→ **Exercise directions**
Please restate the entries below word for word, leaving out any pictures.

Brief descriptive captions
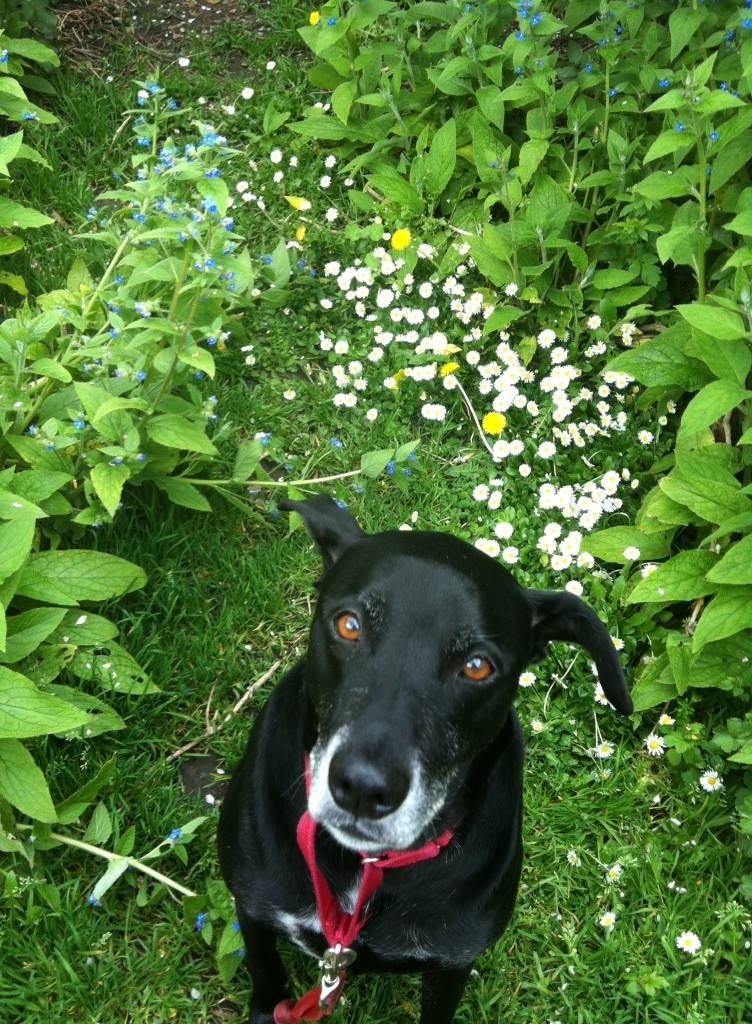 jgtaylor's tweet photo. @rickygervais As requested, Voted for a brilliant show called #AfterLife from London.  I'm sure our old friend Albert here would've voted for you too if he could. https://t.co/peGLcZnyoN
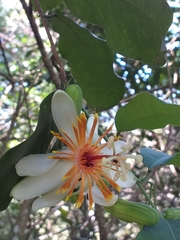 Passiflora pittieri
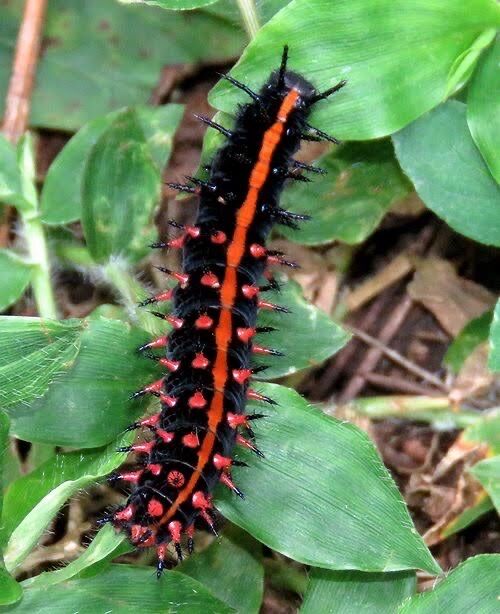 閲覧注意 庭にクソヤバイ虫がいる 不思議 Net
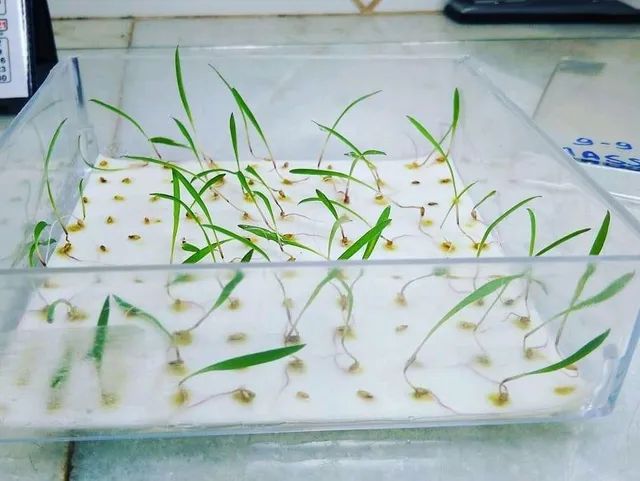 Sementes para pastagem  - Foto 3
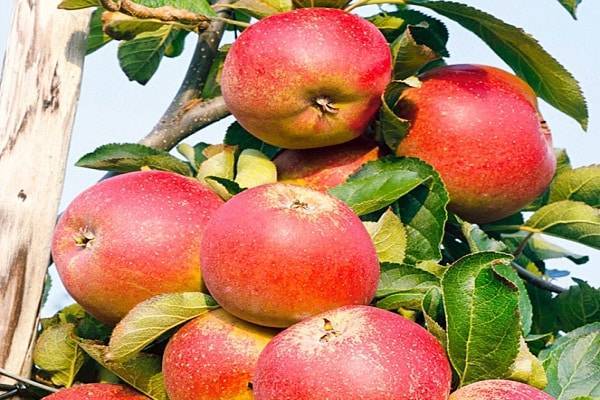 Яблоня-китайка: большие преимущества маленьких яблок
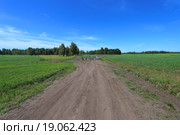 Широкая грунтовая дорога меж полей (2015 год). Редакционное фото, фотограф Анатолий Матвейчук / Фотобанк Лори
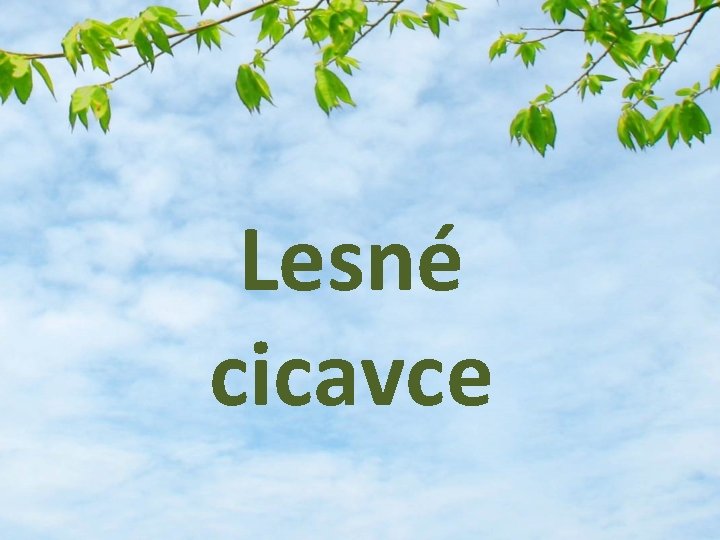 Lesné cicavce 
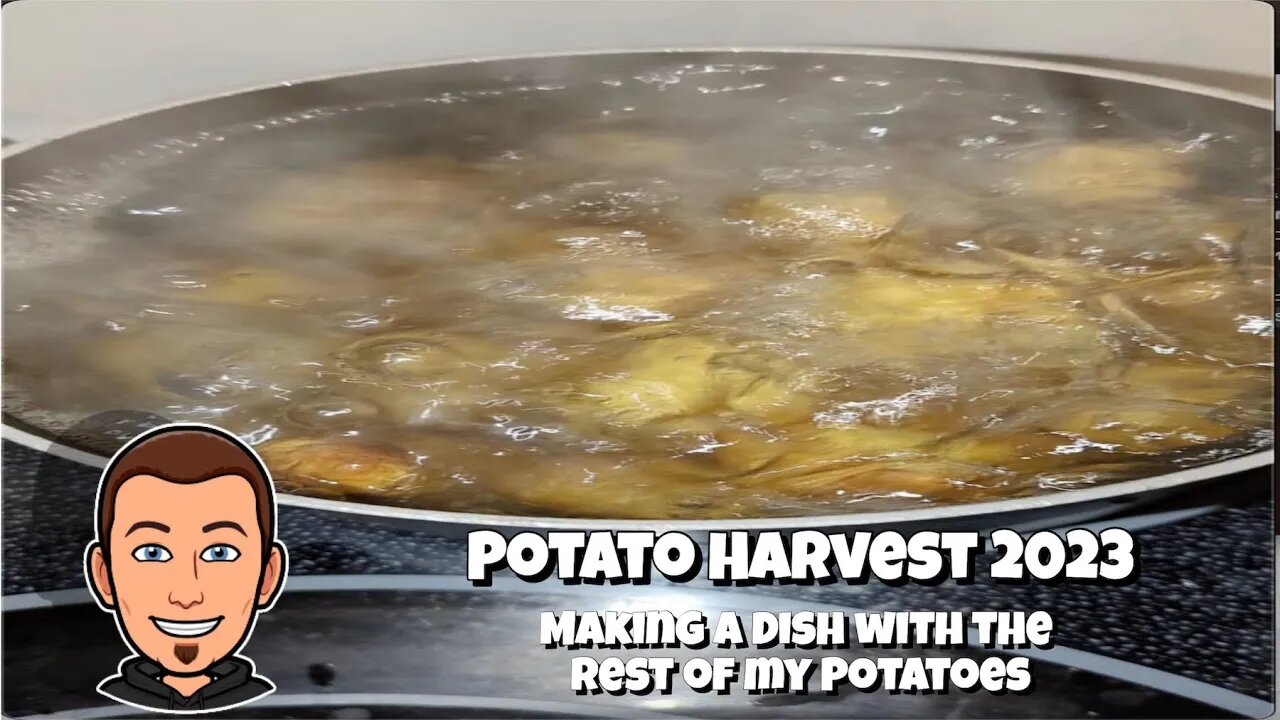 Potato Harvest 2023: Making a Dish with the Rest of my Potatoes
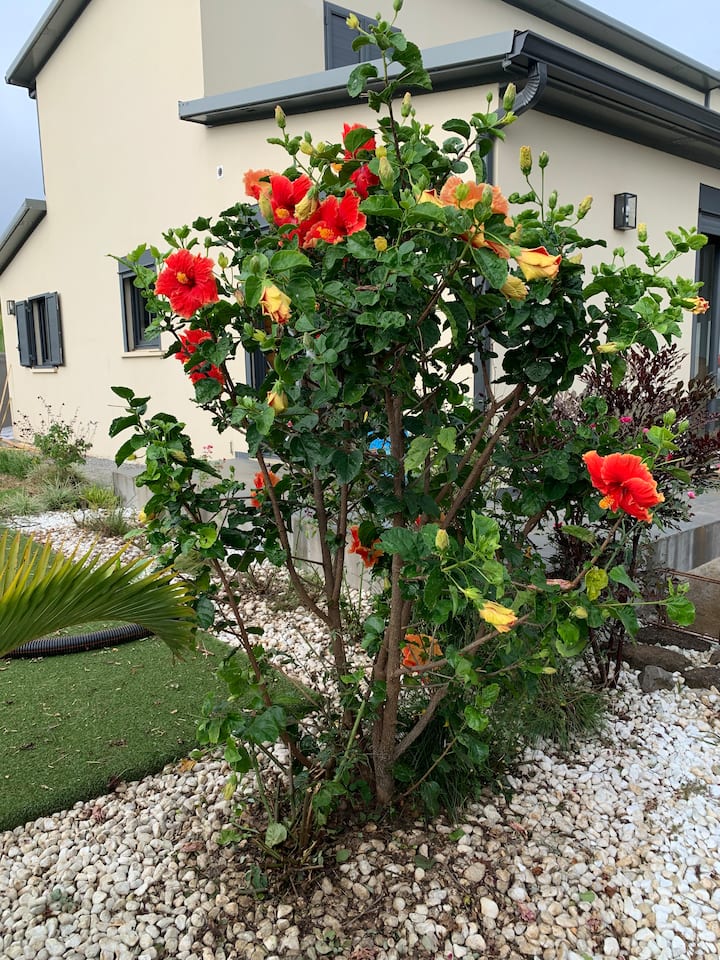 Villa Jo & Jo Houses for Rent in SaintPierre, SaintPierre, Réunion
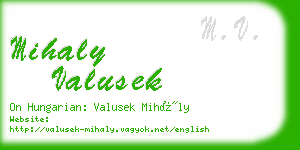 mihaly valusek business card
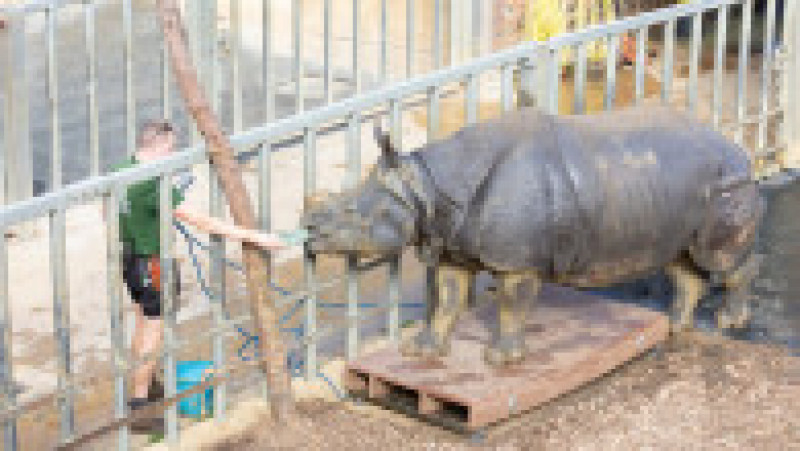Beluki, o femela rinocer cu un singur corn, are 26 de ani Foto: Profimedia Images | Poza 23 din 34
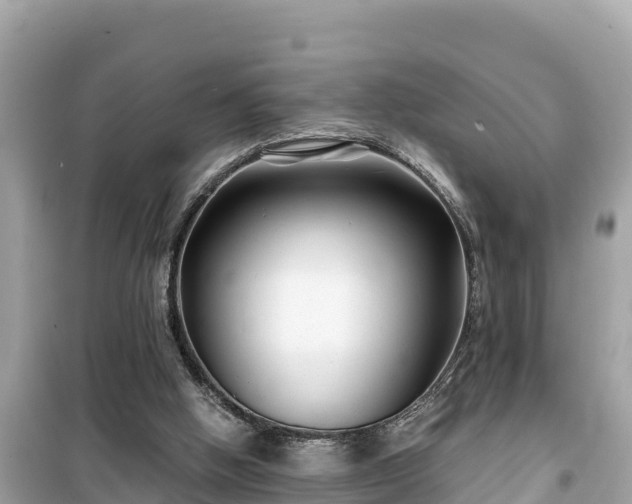 X0000099520058200805221452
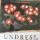Felice Brothers, The - Undress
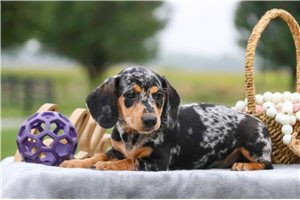 Zelda - Dachshund, Mini for sale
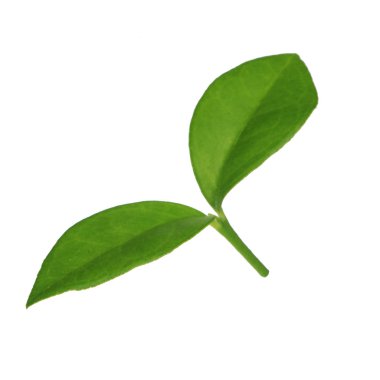 arka planda yeşil narenciye, yakın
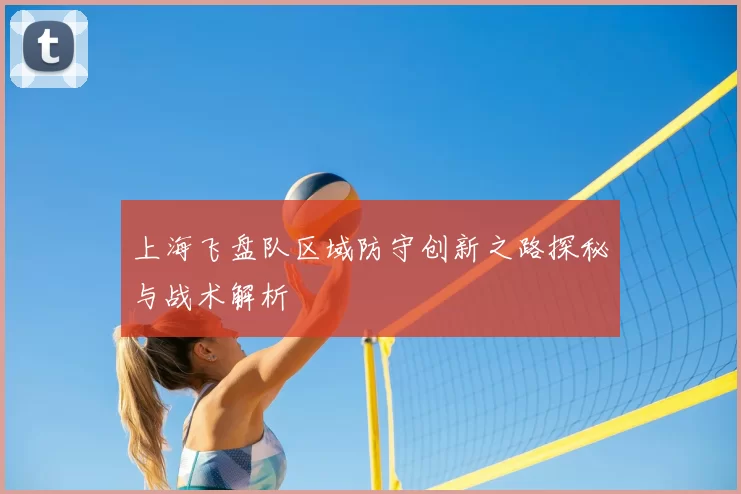上海飞盘队区域防守创新之路探秘与战术解析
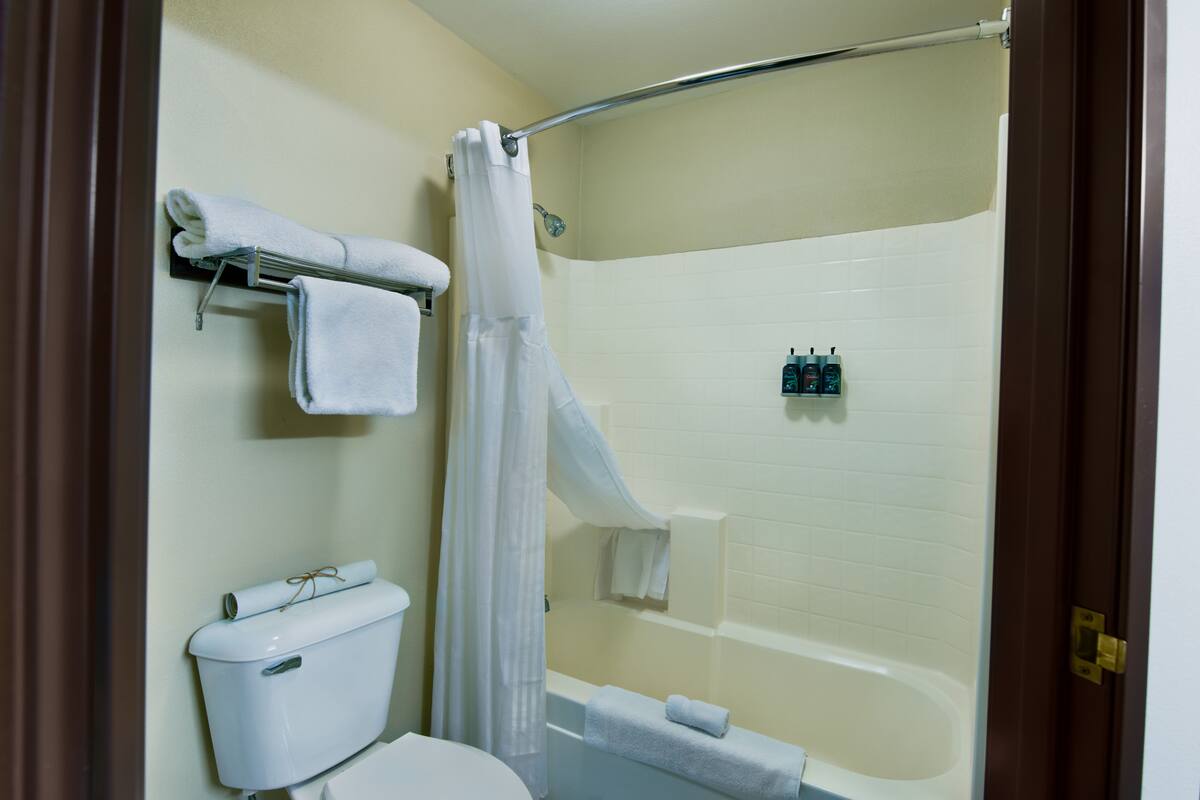 combined shower/bathtub, free toiletries, hair dryer, towels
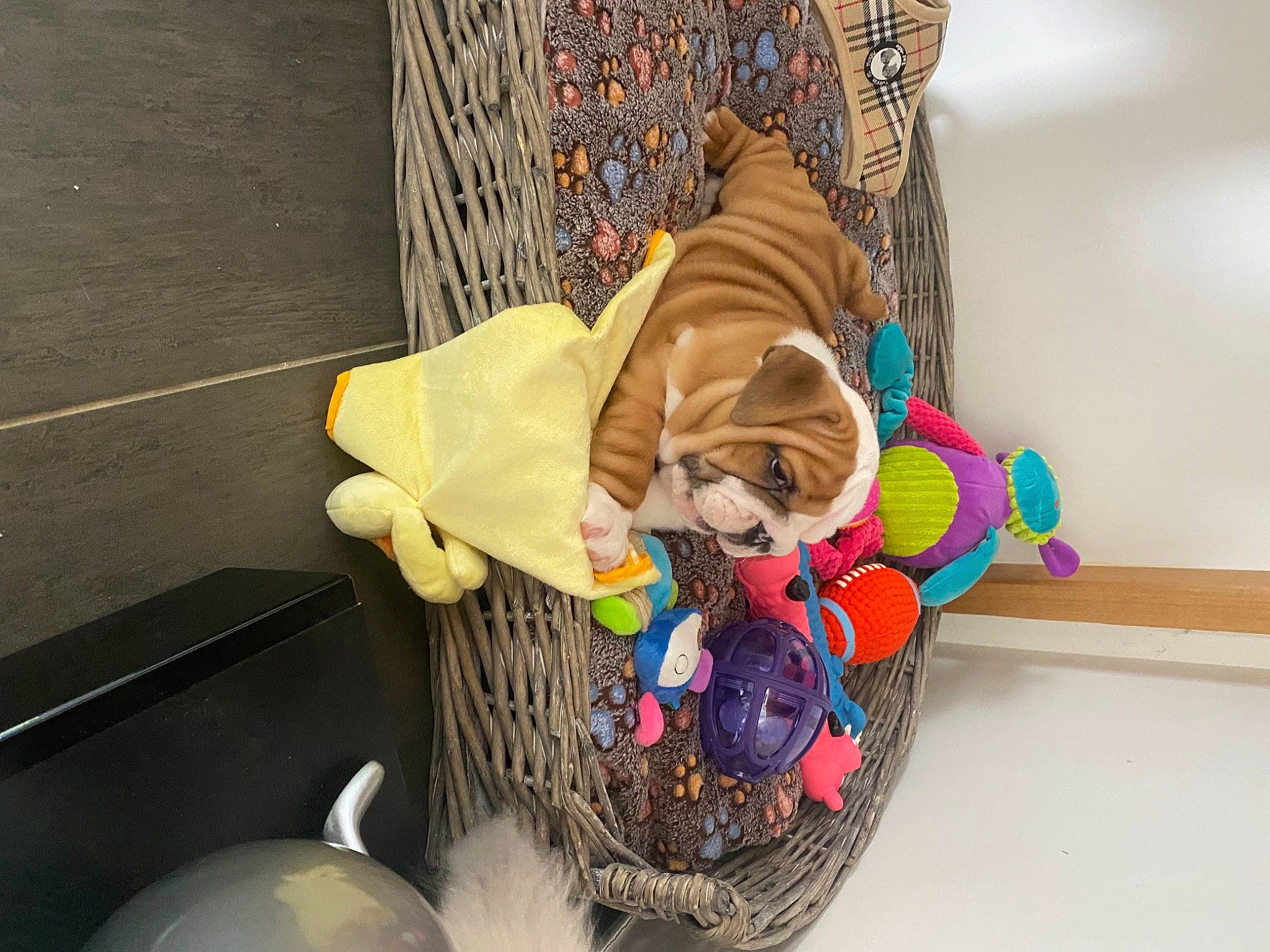 Spartacus participe au concours pour gagner de l'argent avec cette photo : basket, cap, carnivore, costume_hat, fawn, felidae, garden_gnome, hat, lawn_ornament, linens, ornament, party_hat, plush, small_to_medium_sized_cats, stuffed_toy, teddy_bear, toy, whiskers, wood, wool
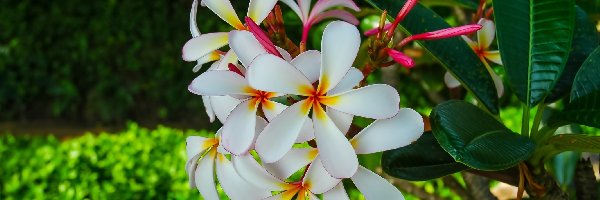 Liście, Plumeria, Kwiat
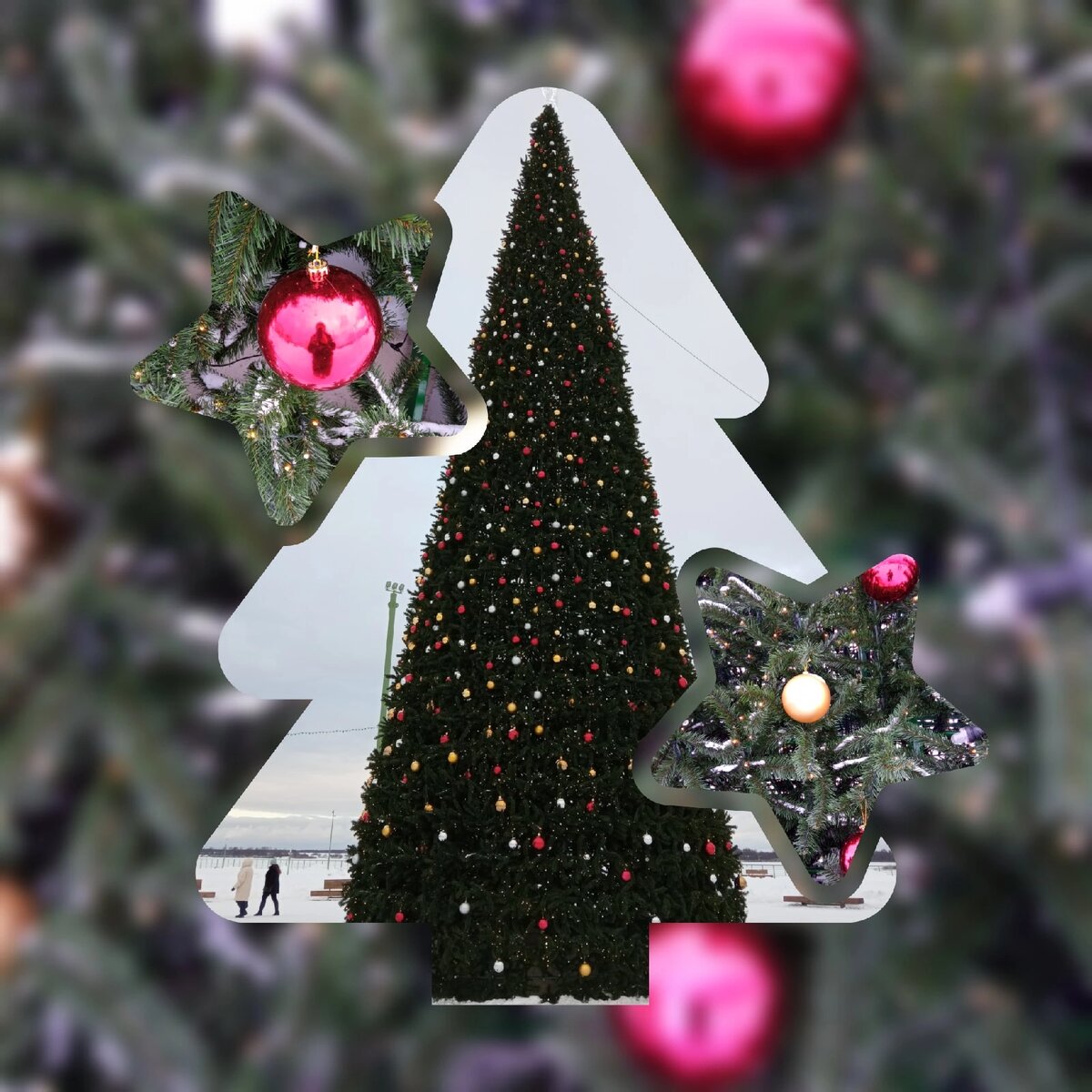 Ёлка на Стрелке. Фото автора. 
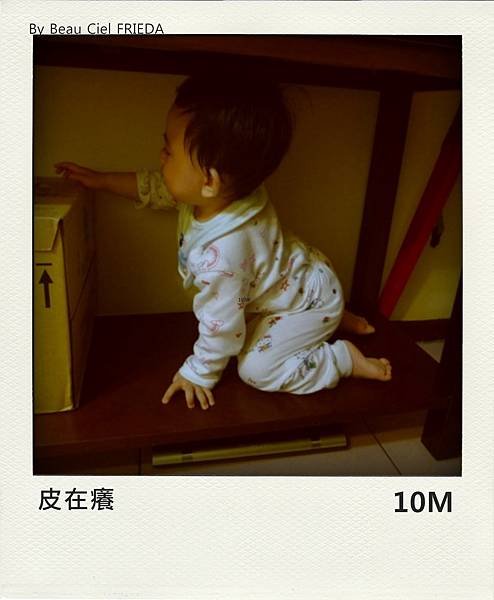 tn_P1120770-pola1.jpg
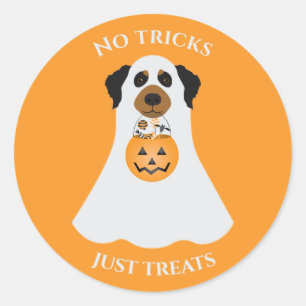 Sticker Rond Pas de traces juste traiter le chien d'Halloween
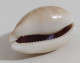 68349 Conchiglia Di Mare - Cypraea Vitellus - 45 Mm - Seashells & Snail-shells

→ **Solution to the problem**
 jgtaylor's tweet photo. @rickygervais As requested, Voted for a brilliant show called #AfterLife from London.  I'm sure our old friend Albert here would've voted for you too if he could. https://t.co/peGLcZnyoN
 Passiflora pittieri
 閲覧注意 庭にクソヤバイ虫がいる 不思議 Net
 Sementes para pastagem  - Foto 3
 Яблоня-китайка: большие преимущества маленьких яблок
 Широкая грунтовая дорога меж полей (2015 год). Редакционное фото, фотограф Анатолий Матвейчук / Фотобанк Лори
 Lesné cicavce 
 Potato Harvest 2023: Making a Dish with the Rest of my Potatoes
 Villa Jo & Jo Houses for Rent in SaintPierre, SaintPierre, Réunion
 mihaly valusek business card
Beluki, o femela rinocer cu un singur corn, are 26 de ani Foto: Profimedia Images | Poza 23 din 34
 X0000099520058200805221452
Felice Brothers, The - Undress
 Zelda - Dachshund, Mini for sale
 arka planda yeşil narenciye, yakın
上海飞盘队区域防守创新之路探秘与战术解析
 combined shower/bathtub, free toiletries, hair dryer, towels
 Spartacus participe au concours pour gagner de l'argent avec cette photo : basket, cap, carnivore, costume_hat, fawn, felidae, garden_gnome, hat, lawn_ornament, linens, ornament, party_hat, plush, small_to_medium_sized_cats, stuffed_toy, teddy_bear, toy, whiskers, wood, wool
 Liście, Plumeria, Kwiat
 Ёлка на Стрелке. Фото автора. 
 tn_P1120770-pola1.jpg
 Sticker Rond Pas de traces juste traiter le chien d'Halloween
 68349 Conchiglia Di Mare - Cypraea Vitellus - 45 Mm - Seashells & Snail-shells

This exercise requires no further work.